Tabii, bugün bayram.
İyi bayramlar, çocuklar.
Size de iyi bayramlar sayın okurlar.”
Tam 24 sene olmuş bu yazı, 24 seneye de dolmuş acıları, yenilerini yüklenmiş, Yalova demişim o gün ve deprem gelmiş, kriz gelmiş, o gün yaşayan nice çocuk da hoyratlıklarda, şiddette, krizlerde, dehlizlerde kaybolmuş, o gün doğmamış nice çocuk sevinçli ailelerinde kedere boğulmuş, işçi olmuş yanmış, kadın olmuş vurulmuş, asker olmuş şehit düşmüş, evi önünde devlet mermisiyle delik deşik edilmiş, elinde bomba, altında mayın patlamış, intihara, kayıplara, gaiplere sürüklenmiş, uzun ömürler dilerken sevenleri henüz bir hayatı olmamış, binlerce genç ölümüz olup toprak altında bir diğerine karışmış, aklımıza, kalbimize, vicdanımıza uğramış uğramamış çocuklar işte!
Elbette iyi şeyler de olmuştur çocuklar.
Elbette matem kadar bayram da var.
İyi bayramlar çocuklar.
Hem Ramazan Bayramı için, hem 1 Mayıs için, iyi bayramlar çocuklar.

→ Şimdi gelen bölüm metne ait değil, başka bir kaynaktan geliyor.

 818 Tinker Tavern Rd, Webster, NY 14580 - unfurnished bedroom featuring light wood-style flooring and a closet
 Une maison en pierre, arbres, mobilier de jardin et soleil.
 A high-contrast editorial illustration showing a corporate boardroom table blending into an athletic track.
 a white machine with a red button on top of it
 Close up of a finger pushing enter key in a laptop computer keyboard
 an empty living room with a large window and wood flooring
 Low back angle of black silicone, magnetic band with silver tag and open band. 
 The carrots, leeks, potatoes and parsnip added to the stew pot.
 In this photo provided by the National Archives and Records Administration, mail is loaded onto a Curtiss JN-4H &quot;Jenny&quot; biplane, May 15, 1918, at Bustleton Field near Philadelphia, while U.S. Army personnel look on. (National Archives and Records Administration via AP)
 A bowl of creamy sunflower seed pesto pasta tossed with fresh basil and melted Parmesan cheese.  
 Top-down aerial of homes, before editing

Size de nice bayram gibi bayramlar sevgili okurlar.
Not: Cumartesi ve pazar zaten yazı günüm değil. Müsaadenizle bayramda “geleneksel” olarak yazmıyorum. Eski bir alışkanlık. Şimdi artık var olmasalar da, bir zamanlar bilhassa işsiz gazetecilere bayram sevinci olan, basında dayanışmaya tekabül eden, en büyük meslek örgütü Türkiye Gazeteciler Cemiyeti’nde ve diğer cemiyetlerde hazırlanan “Bayram Gazeteleri”nin, kaybettiğimiz tüm sahici gazetecilerin hatırasına saygıyla! Elbette, hepimizin kayıp sevdiklerine de saygıyla.